_TASK PROMPT_
All lines at and after the one containing "10 Unzen Silbermünze", up to the end of the listing below, are to be printed exactly, with the pictures omitted.

_RECORDS SHOWN_
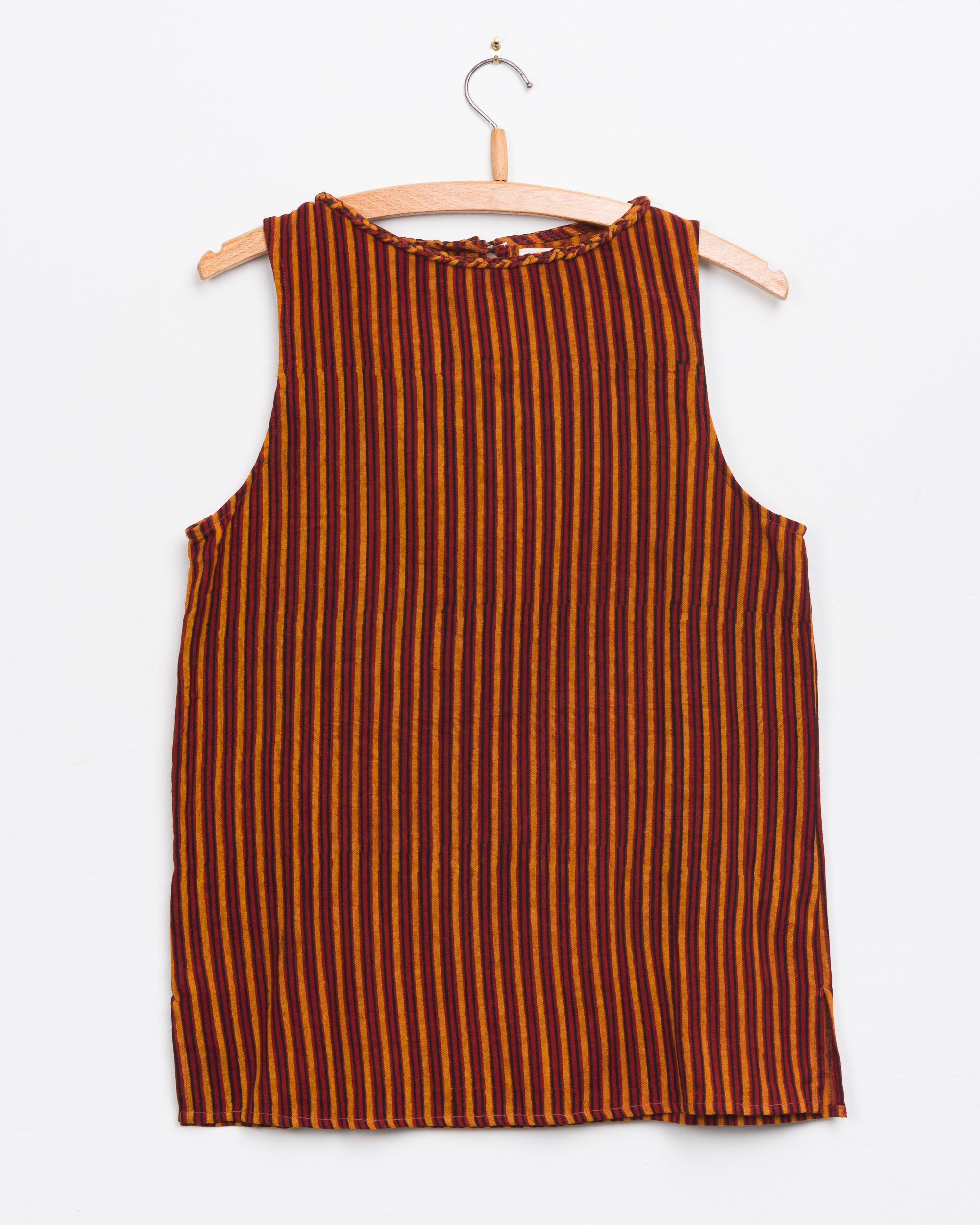 Oni Boatneck Tank in Pomegranate Stripe Block Print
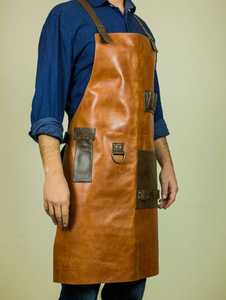 Tablier de cuisine en cuir de haute qualité avec poches étanches Logo personnalisé Offre Spéciale pour le travail Restaurants atelier barbier BBQ - Product Image 2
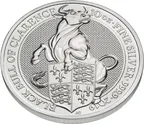10 Unzen Silbermünze Queens Beasts Black Bull 2019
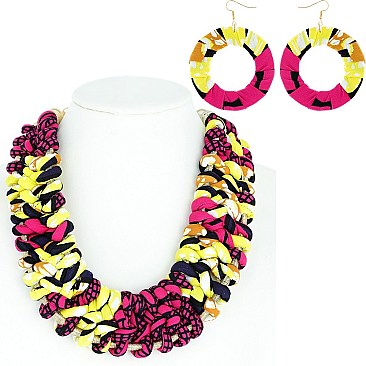 KENTE THEME TWIST FASHION NECKLACE AND EARRING SET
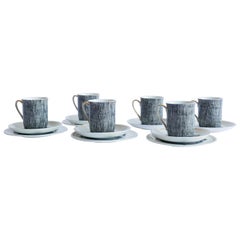 Set of 6 Windsor Bone China Coffee Cups with Saucers and Dessert Plates, UK 1966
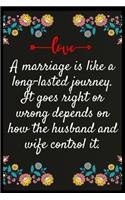 A marriage is like a long-lasted journey. It goes right or wrong depends on how the husband and wife control it.: The perfect wife. I love My wife Forever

_RESPONSE AREA_
10 Unzen Silbermünze Queens Beasts Black Bull 2019
 KENTE THEME TWIST FASHION NECKLACE AND EARRING SET
 Set of 6 Windsor Bone China Coffee Cups with Saucers and Dessert Plates, UK 1966
 A marriage is like a long-lasted journey. It goes right or wrong depends on how the husband and wife control it.: The perfect wife. I love My wife Forever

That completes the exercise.